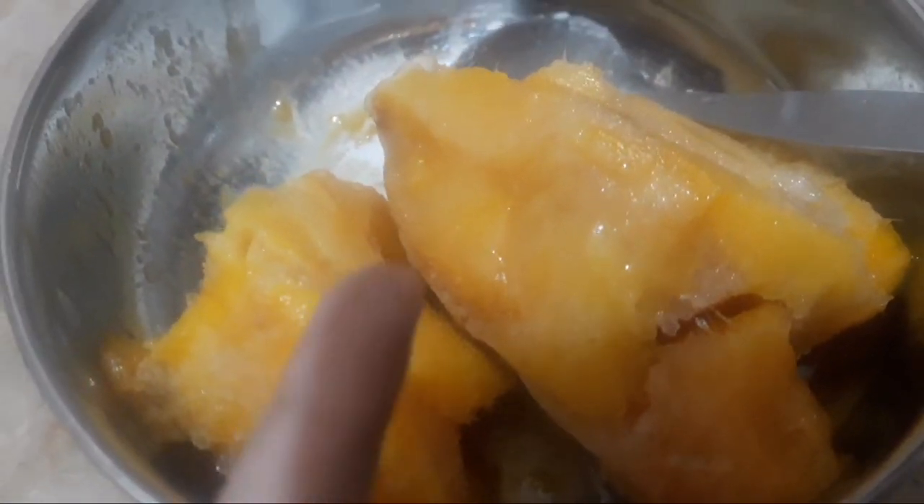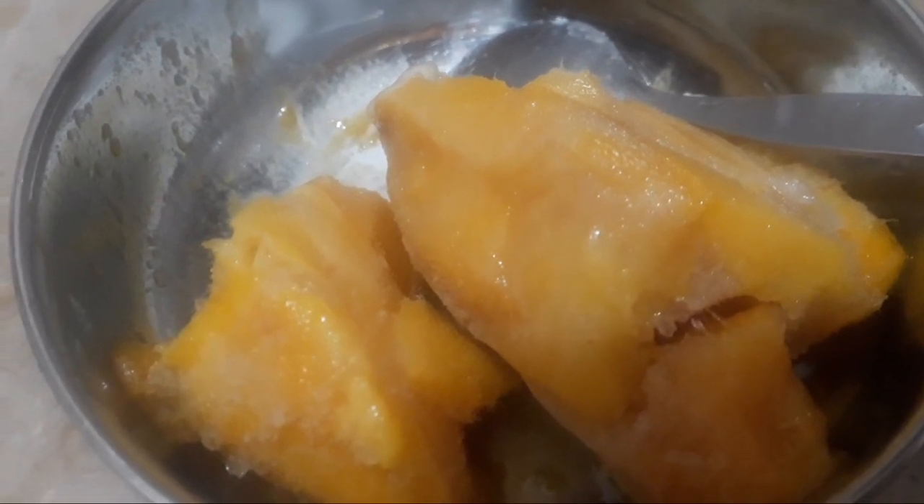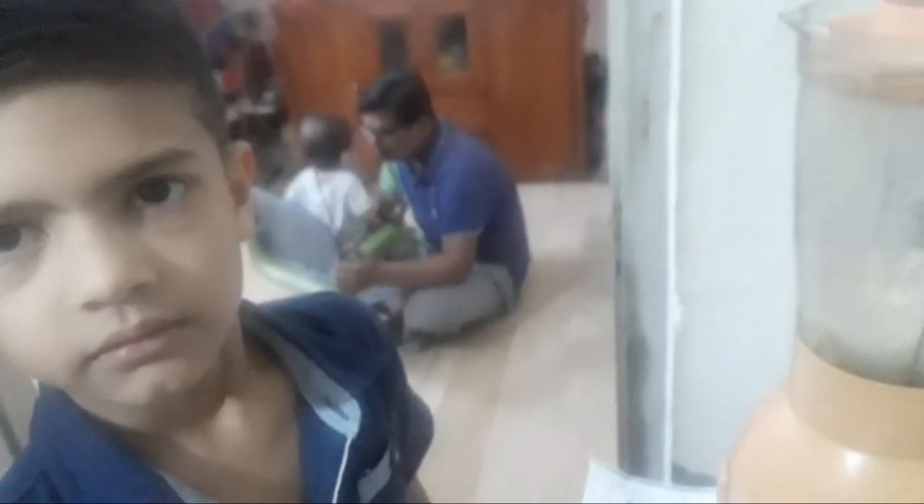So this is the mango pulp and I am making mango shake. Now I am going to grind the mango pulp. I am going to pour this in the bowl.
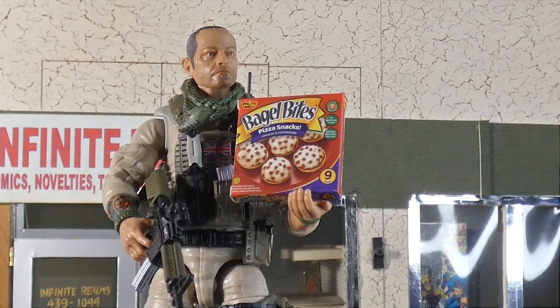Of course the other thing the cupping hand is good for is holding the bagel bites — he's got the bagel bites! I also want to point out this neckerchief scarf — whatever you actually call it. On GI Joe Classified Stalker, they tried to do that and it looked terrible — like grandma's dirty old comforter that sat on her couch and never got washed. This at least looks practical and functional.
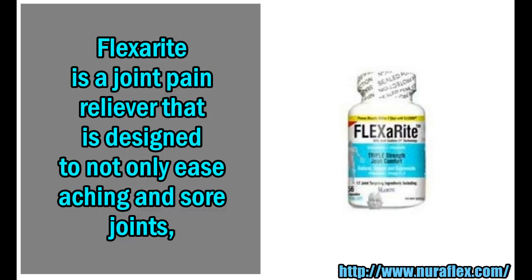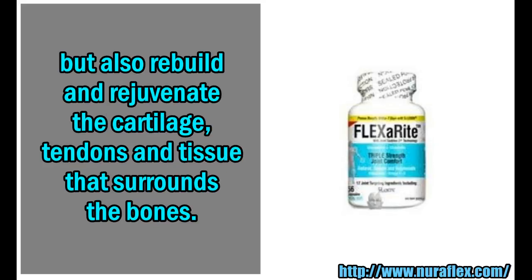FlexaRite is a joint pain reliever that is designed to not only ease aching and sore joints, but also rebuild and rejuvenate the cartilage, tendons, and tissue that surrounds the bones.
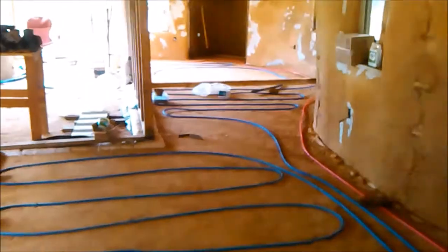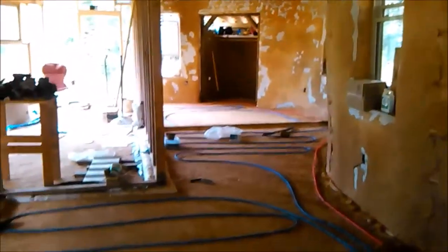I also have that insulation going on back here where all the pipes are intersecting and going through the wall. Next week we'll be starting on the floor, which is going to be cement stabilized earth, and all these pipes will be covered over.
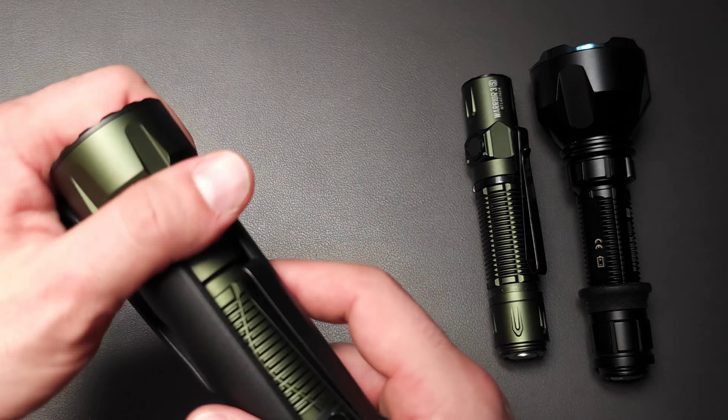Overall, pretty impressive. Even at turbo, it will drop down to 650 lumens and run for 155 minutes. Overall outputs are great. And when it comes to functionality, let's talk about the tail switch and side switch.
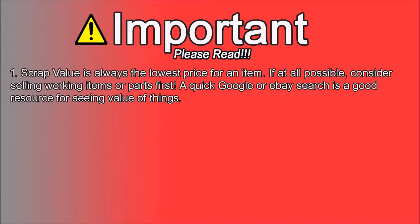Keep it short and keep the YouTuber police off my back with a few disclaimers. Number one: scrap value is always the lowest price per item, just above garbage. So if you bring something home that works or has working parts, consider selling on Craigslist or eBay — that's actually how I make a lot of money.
○ ○ ○ ○ ○ ○ ○
Exercise directions:
Take the lines from the first line of the entries through the line with "Of course the", inclusive, and give them again exactly, minus any pictures.

Result for this exercise:
So this is the mango pulp and I am making mango shake. Now I am going to grind the mango pulp. I am going to pour this in the bowl.
Of course the other thing the cupping hand is good for is holding the bagel bites — he's got the bagel bites! I also want to point out this neckerchief scarf — whatever you actually call it. On GI Joe Classified Stalker, they tried to do that and it looked terrible — like grandma's dirty old comforter that sat on her couch and never got washed. This at least looks practical and functional.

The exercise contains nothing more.